REQUIRED WORK: Everything from the line containing "Beautiful skyline view" through the last line of the listing below should be returned exactly, except for pictures.
DATA RECORDS Block Start
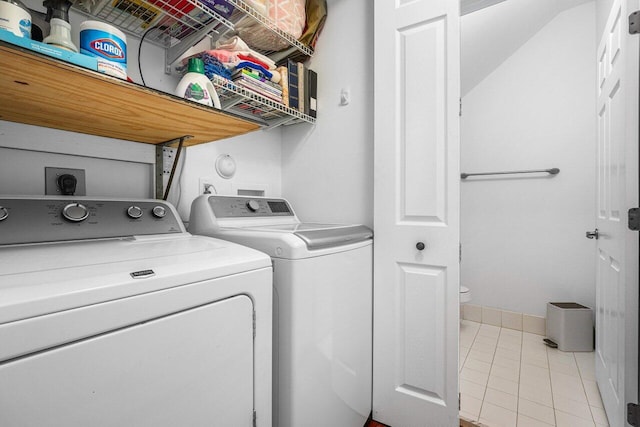 laundry area featuring washing machine and clothes dryer and light tile patterned floors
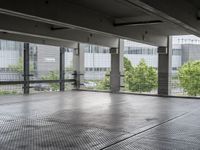 an empty space with floor to ceiling windows that have plants on it and trees in the background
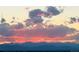Beautiful skyline view featuring colorful clouds over mountain silhouette at 5147 N Waco St, Denver, CO 80249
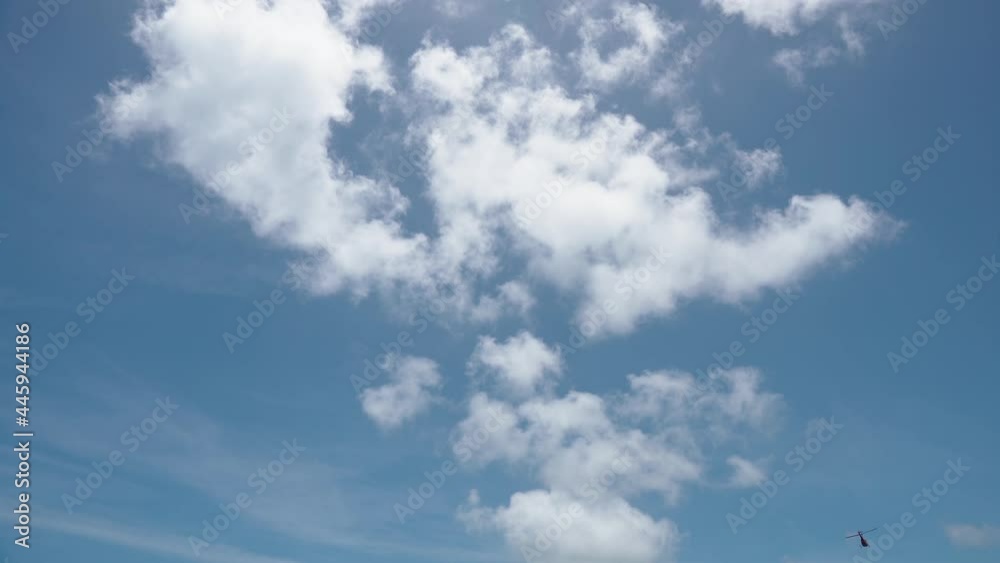 Bright white fluffy clouds slow fly across the beautiful sky on a sunny day. Bright white fluffy clouds slow fly across the beautiful sky on a sunny day.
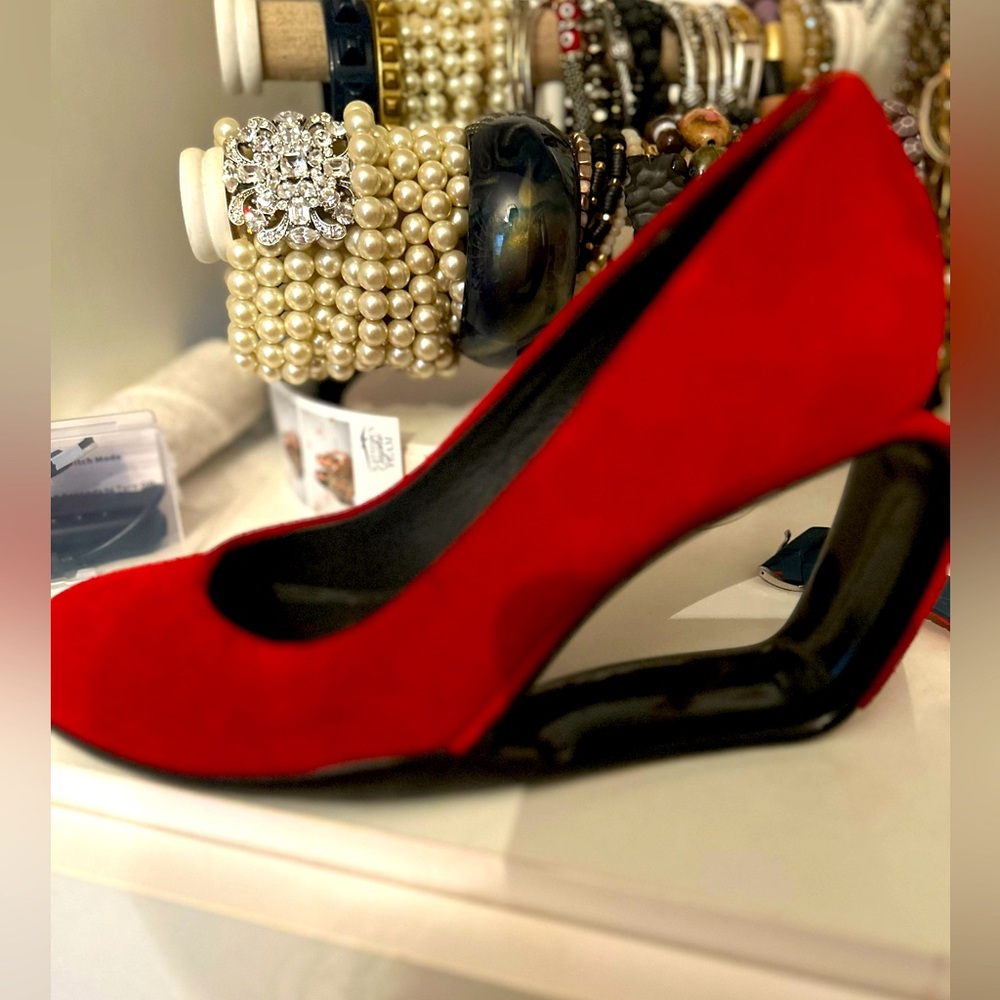 Red suede wedge heel. Really comfortable.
DATA RECORDS Block End
FINISHED EXERCISE:
Beautiful skyline view featuring colorful clouds over mountain silhouette at 5147 N Waco St, Denver, CO 80249
 Bright white fluffy clouds slow fly across the beautiful sky on a sunny day. Bright white fluffy clouds slow fly across the beautiful sky on a sunny day.
 Red suede wedge heel. Really comfortable.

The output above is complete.